Concretely, you should expect the `lfm.predict([0, 1], [8, 9])` to return an array of np.float32 that may look something like `[0.42 0.31]`, where `0.42` is the score assigned to the user-item pair `(0, 8)` and `0.31` the score assigned to pair `(1, 9)` respectively.

If you check LightFM documentation you can also use predict_rank and it will return the items in a sorted order where the first ones are the recommendations for that specific user.

### The recommendation method

And finally as a bonus, I will leave the sample_recommendation_user method, this will take as input the trained model, the interactions matrix, an existing user if, the users dataframe, the tranings dataframe.  And the end result of this method is the trainings taken by the user and the trainings recommended to the user.

In [None]:
def sample_recommendation_user(model, interactions, user_id, usersdf,
                               trainingsdf, trainingstakendf,threshold = 0,nrec_items = 25, show = True):
    
    n_users, n_items = interactions.shape
    userInfo = usersdf[usersdf['EID']==user_id]
    user_x = np.int64(userInfo.index).item()
    scores = pd.Series(model.predict(user_x,np.arange(n_items)))
    Taken = ""
    Recom = ""

    
    resulting = trainingsdf.merge(scores.to_frame().reset_index(), left_index=True, right_index=True)
    resulting.drop(columns = ['index'], inplace=True)
    resulting.rename(columns={0: "Score"}, errors="raise", inplace=True)

    resulting.sort_values('Score', ascending=False, inplace=True)
    resulting = resulting.head(nrec_items)
    resulting.reset_index(drop=True, inplace=True)
    userInfo = usersdf[usersdf['EID']==user_id]
    userInfo.reset_index(drop=True, inplace=True)

    users_trainingTaken = trainingstakendf[trainingstakendf['EID']==user_id]
    users_trainingTaken.drop_duplicates(inplace=True)

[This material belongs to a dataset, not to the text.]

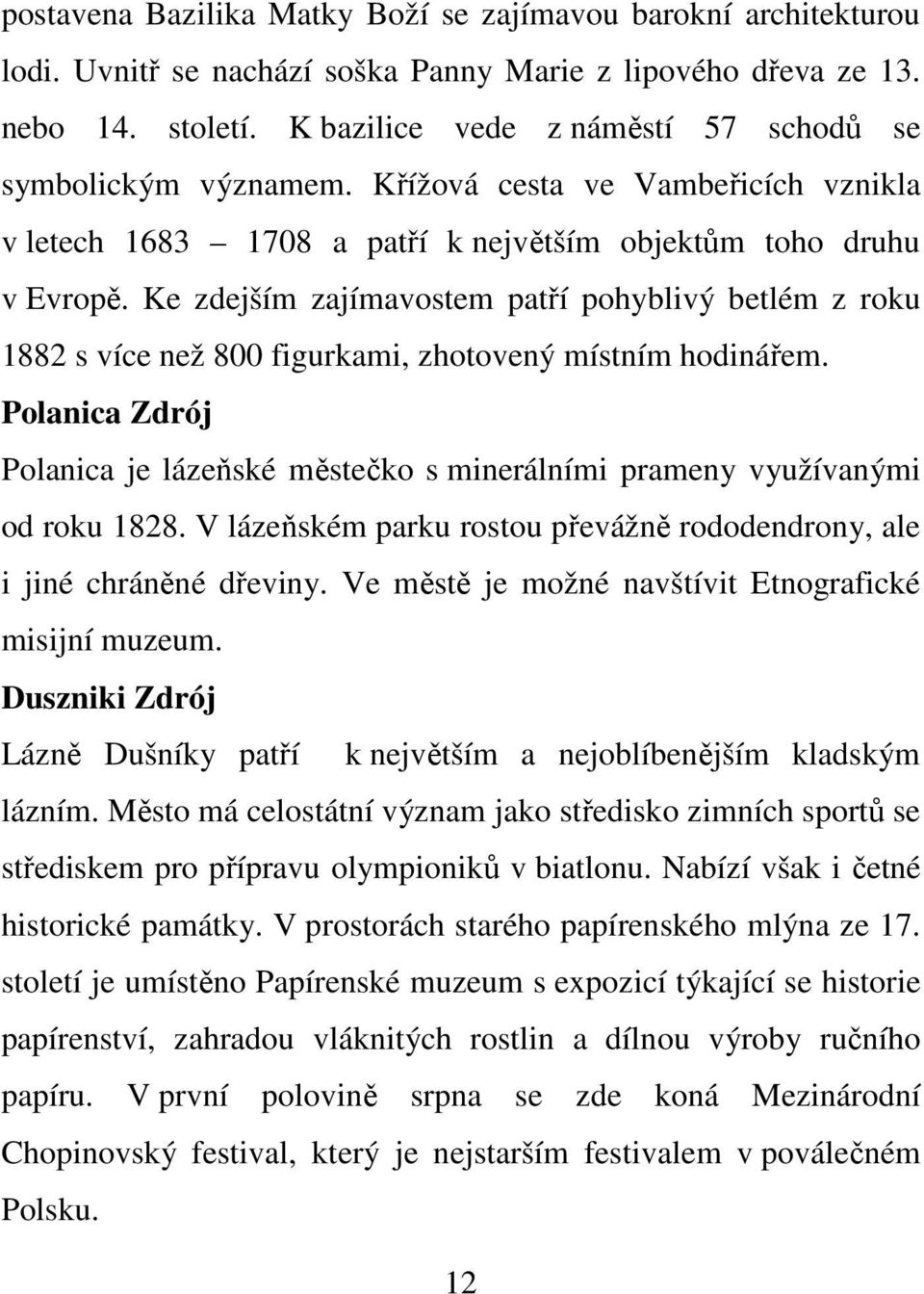 Ke zdejším zajímavostem patří pohyblivý betlém z roku 1882 s více než 800 figurkami, zhotovený místním hodinářem.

    users_trainingTaken = pd.merge(users_trainingTaken, trainingsdf, how="inner", on='TID')
    users_trainingTaken.reset_index(drop=True, inplace=True)

    if show == True:
        for ix, row in users_trainingTaken.iterrows():
            Taken = Taken + str({row["Training Title"]})
        for ix,row in resulting.iterrows():
            Recom = Recom + str({row["Training Title"]})

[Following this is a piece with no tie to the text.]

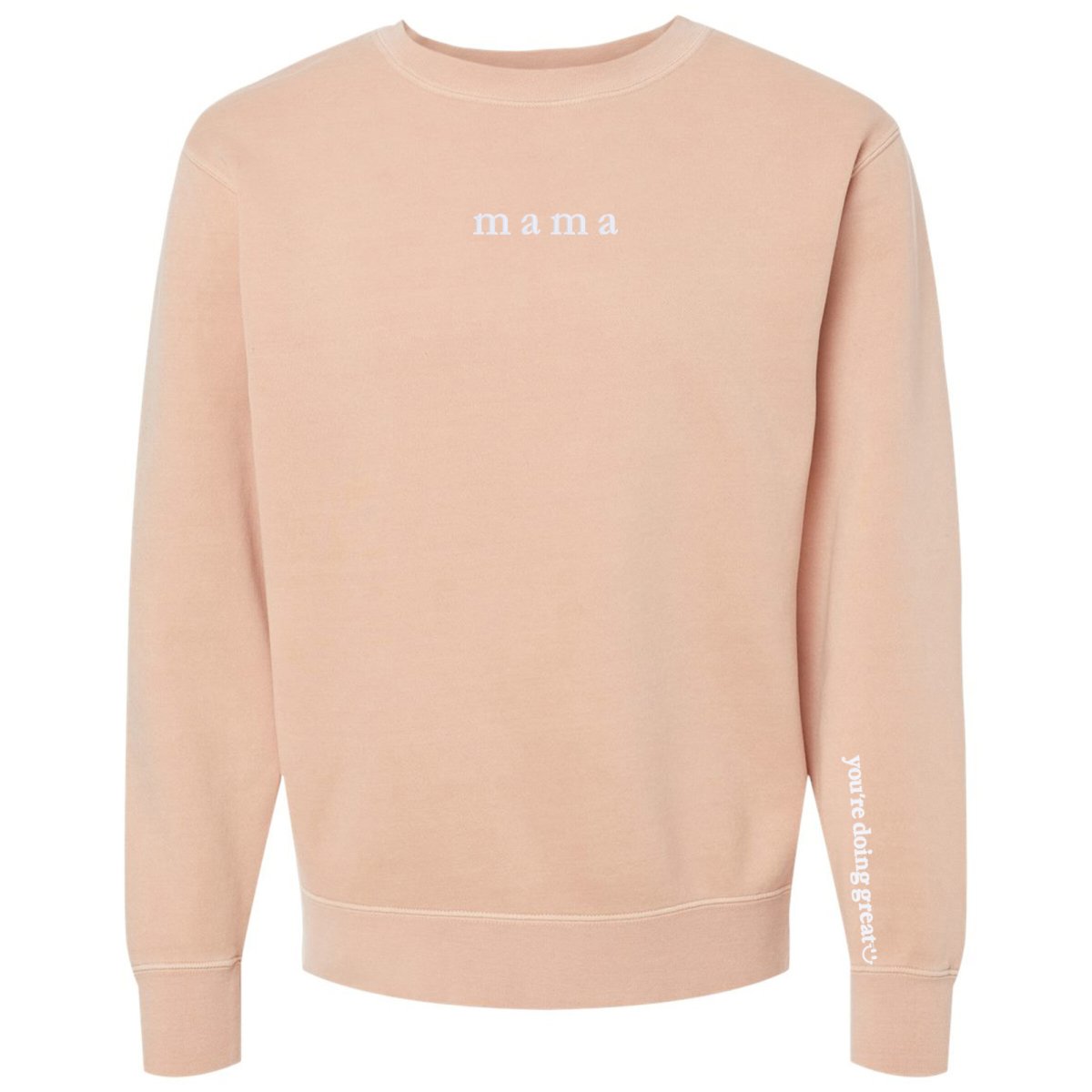 Mama 'You're Doing Great Reminder' Cozy Crew from United Monograms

    d = {'ID': user_id, 'Trainings Taken': Taken, 'Trainings Recommended': Recom}
    returndf = pd.DataFrame(data = d, index=[user_id])

    return returndf

### Registering the Model in Azure

Finally, we need to be able to use the model in our apps, for that we can register the model in Azure ML and maybe even deploy it as a web service, in order to register the model, we need to save it first as binary (pickle file), and then we can use Azure ML SDK in order to register the model.

In [None]:
import pickle
with open('savefile.pickle', 'wb') as fle:
pickle.dump(model, fle, protocol=pickle.HIGHEST_PROTOCOL)

This will save the pickle file in your current directory.

In [None]:
from azureml.core import Workspace
from azureml.core.model import Model
ws = Workspace(subscription_id="x",resource_group="y",workspace_name="z")
model = Model.register(ws, model_name="recommender", model_path="./savefile.pickle")

And finally with the code above we register the model in Azure.

![Azure ML Models](https://miro.medium.com/max/556/1*c90R148d2QGHUfPo3yrB0Q.png)

Once the model is registered into Azure ML, you can deploy it as a web service or load it from Python code to reuse it in your predictions.

## Final Words

Today we went through all the steps to understand recommender systems, we referenced a blog post with a clear theoretical introduction to recommender systems, then we generated fake data and registered it in Azure ML as datasets, and finally, we went step by step in preparing the datasets into the specific formats desired by LightFM.

Later we made some predictions for a random user ID, and finally we were able to register the LightFM model by exporting the file first as pickle format and then registering this file as a model for later usage in Azure ML.

We didn't go into details of evaluation metrics, or tuning parameters or features, but I expect that at the end you have a clear overview of the entire process so that you can apply it to your specific needs.